Activity: Skip the pictures and copy all the data that follows exactly.
======== Recorded data
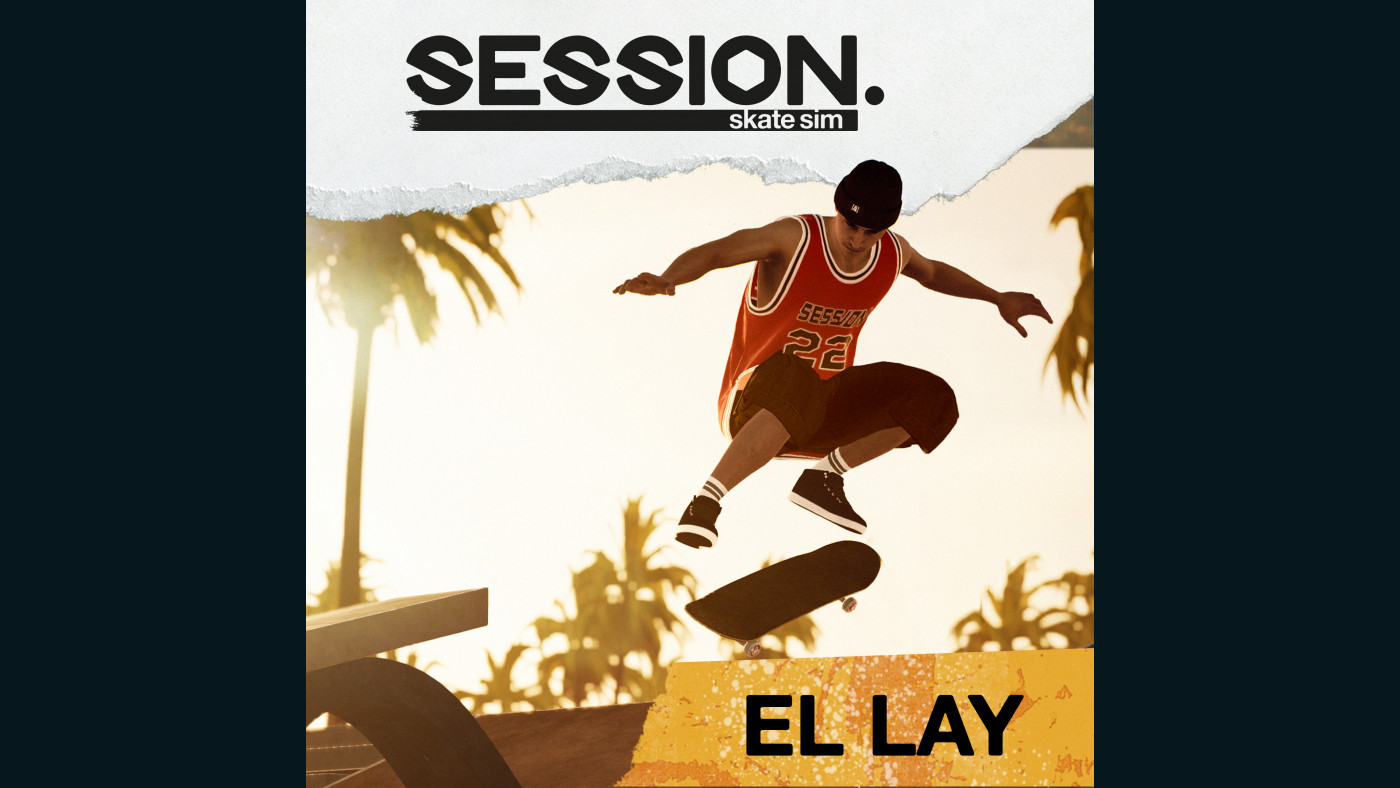 Session: Skate Sim - El Lay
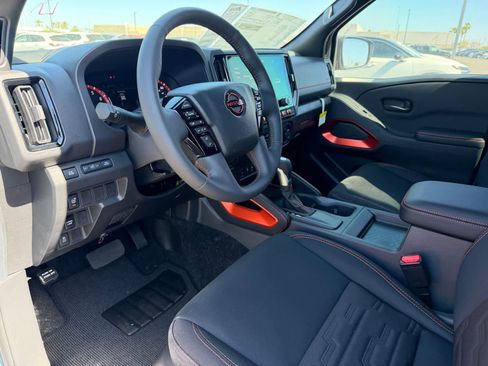 New 2026 Nissan Frontier Pro-X RWD image 2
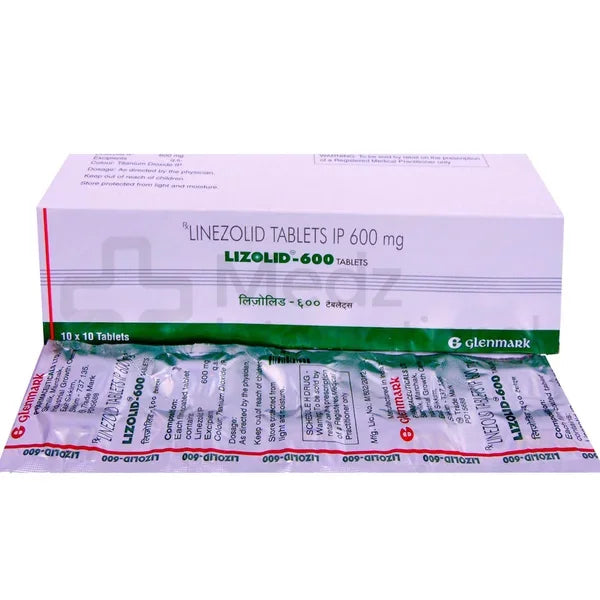 Lizolid 600 tablet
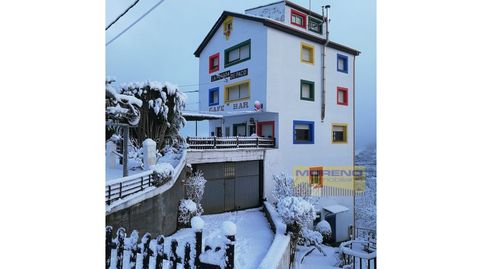 Foto 3 von Geschaftsraum zum Verkauf in Lugar Cereixal - Pq Cereixal, Becerreá, Lugo
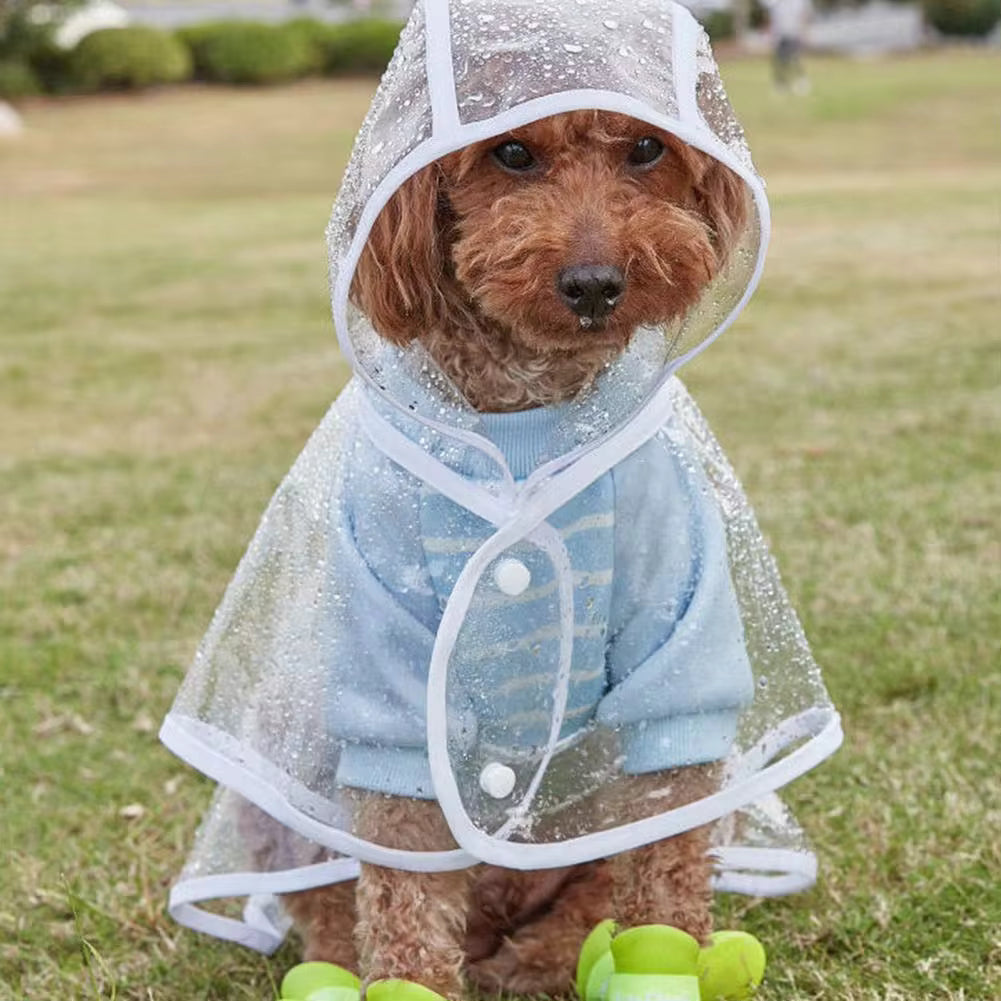 Doggy Rain Coat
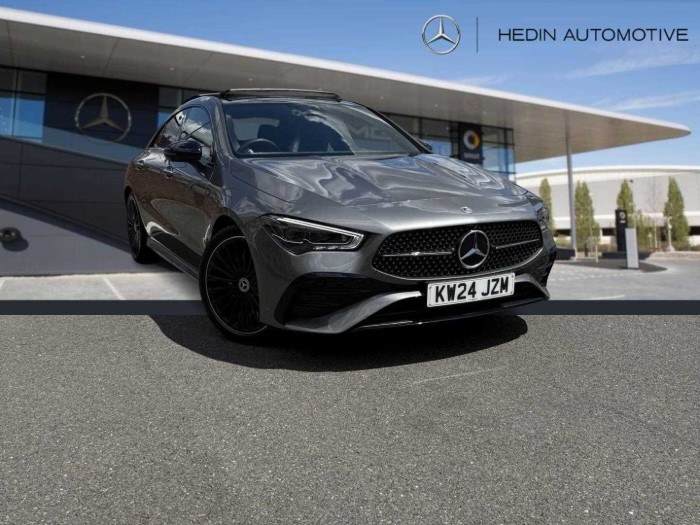 220d AMG Line Premium Plus 4dr Tip Auto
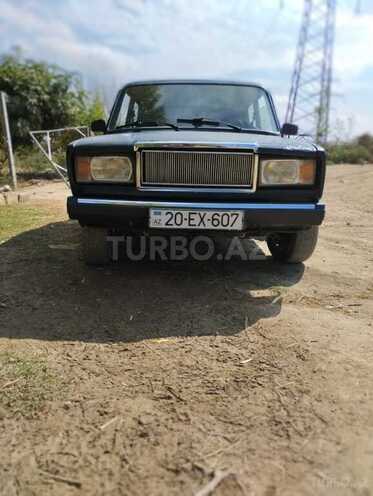 LADA (VAZ) 2107 2003, 60,000 km - 1.6 л - Bakı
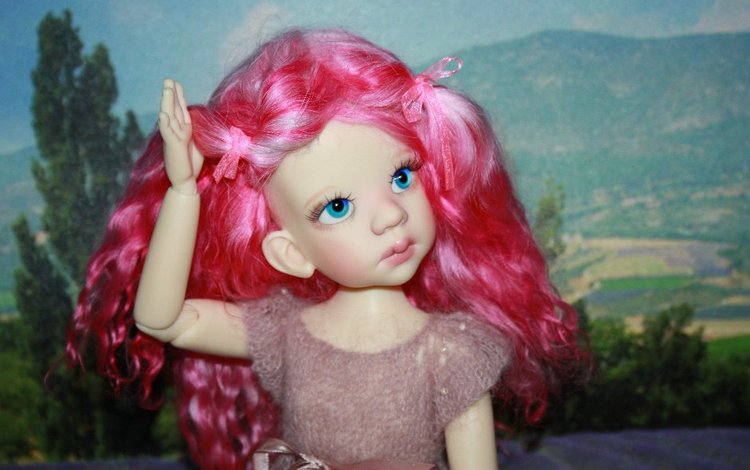 Моя красоточка Талисса, Kaye Wiggs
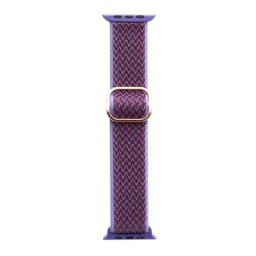 Narukvica sport za smart watch dt8 ultra/apple watch 42/44mm lila ( SW252 )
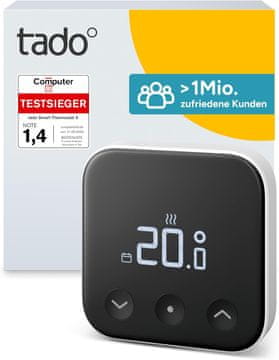 TADO tado Smart Thermostat X - Dodatni modul za talno ogrevanje in bojler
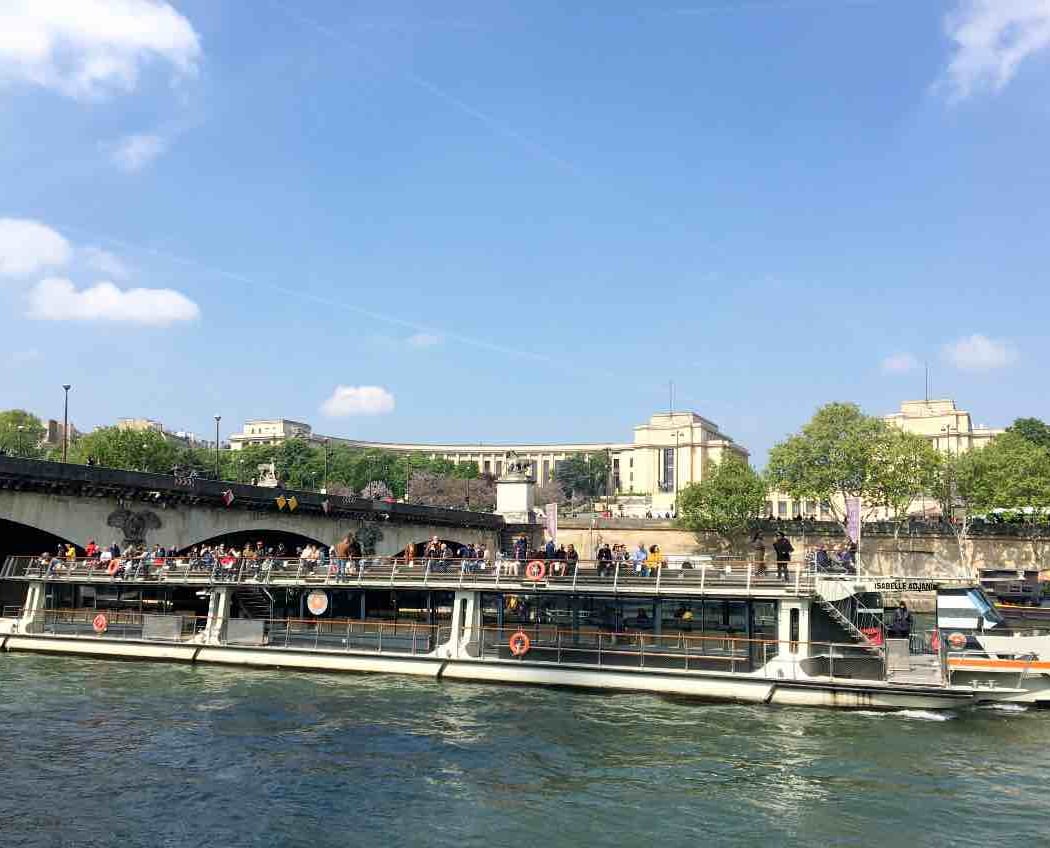 Bateaux Parisiens 1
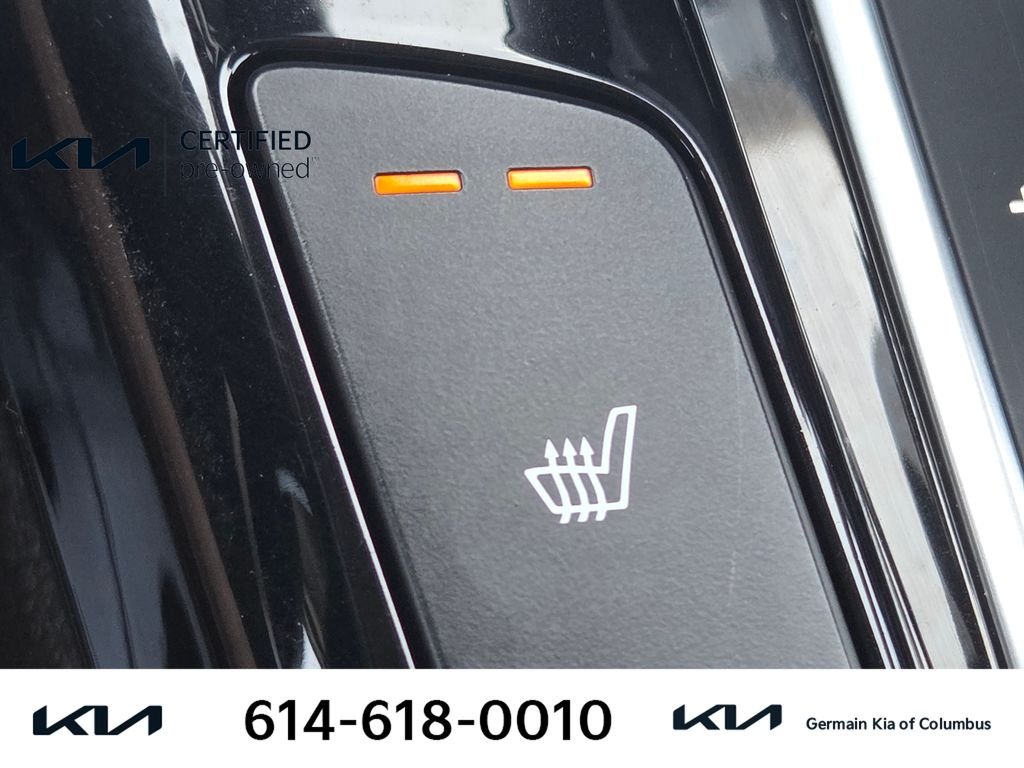 Used 2024 Black Kia EX image 29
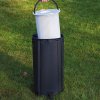 vak na čištění filtru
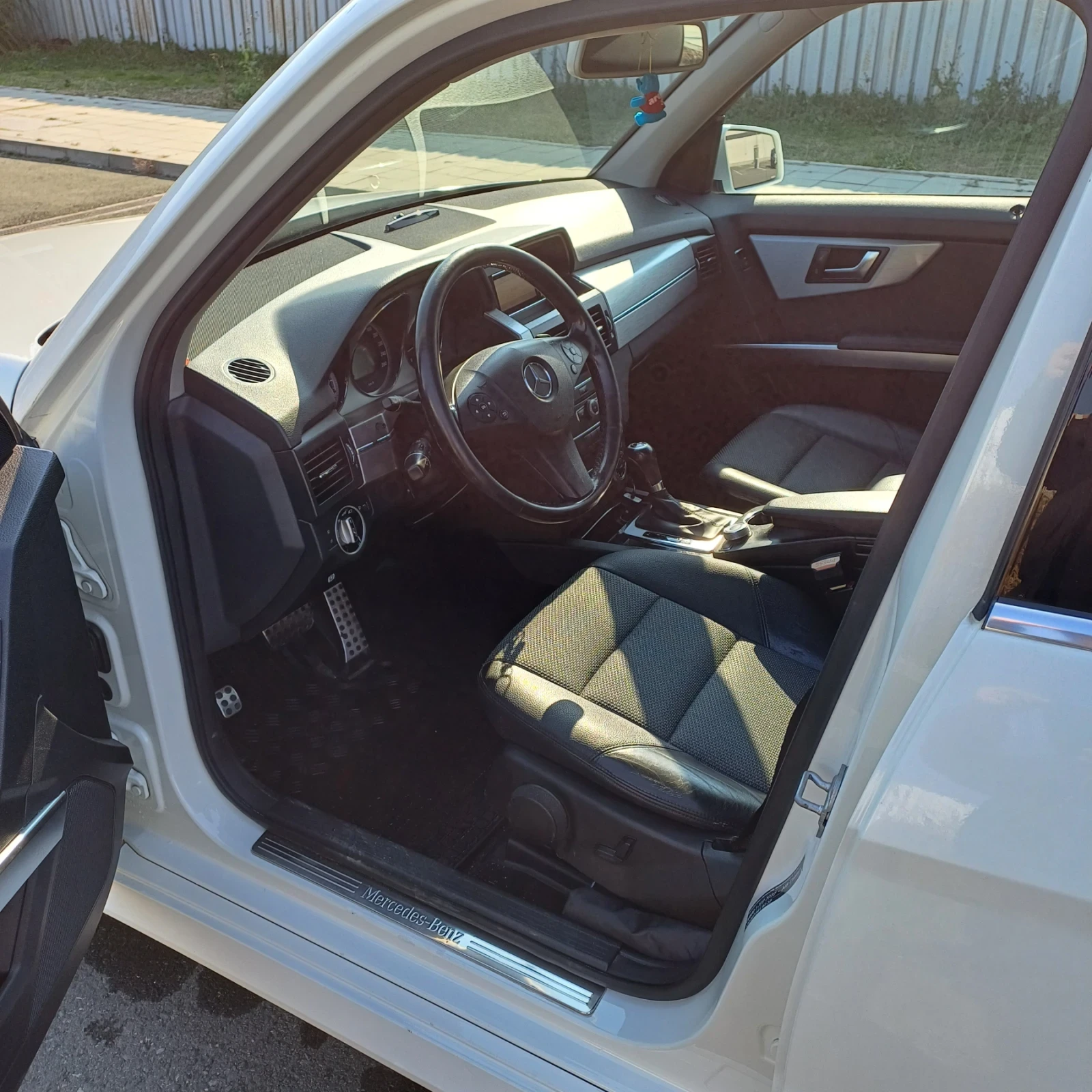 Mercedes-Benz GLK  SPORT PAKET 7G TRONIC | Mobile.bg � ����������� 14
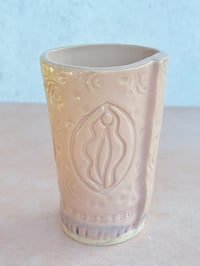 Image 3 of Big Feelings: Small Tumbler in Pink (No. 01)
================
Exercise result:
 Session: Skate Sim - El Lay
 New 2026 Nissan Frontier Pro-X RWD image 2
 Lizolid 600 tablet
 Foto 3 von Geschaftsraum zum Verkauf in Lugar Cereixal - Pq Cereixal, Becerreá, Lugo
 Doggy Rain Coat
 220d AMG Line Premium Plus 4dr Tip Auto
 LADA (VAZ) 2107 2003, 60,000 km - 1.6 л - Bakı
 Моя красоточка Талисса, Kaye Wiggs
 Narukvica sport za smart watch dt8 ultra/apple watch 42/44mm lila ( SW252 )
 TADO tado Smart Thermostat X - Dodatni modul za talno ogrevanje in bojler
 Bateaux Parisiens 1
 Used 2024 Black Kia EX image 29
 vak na čištění filtru
 Mercedes-Benz GLK  SPORT PAKET 7G TRONIC | Mobile.bg � ����������� 14
 Image 3 of Big Feelings: Small Tumbler in Pink (No. 01)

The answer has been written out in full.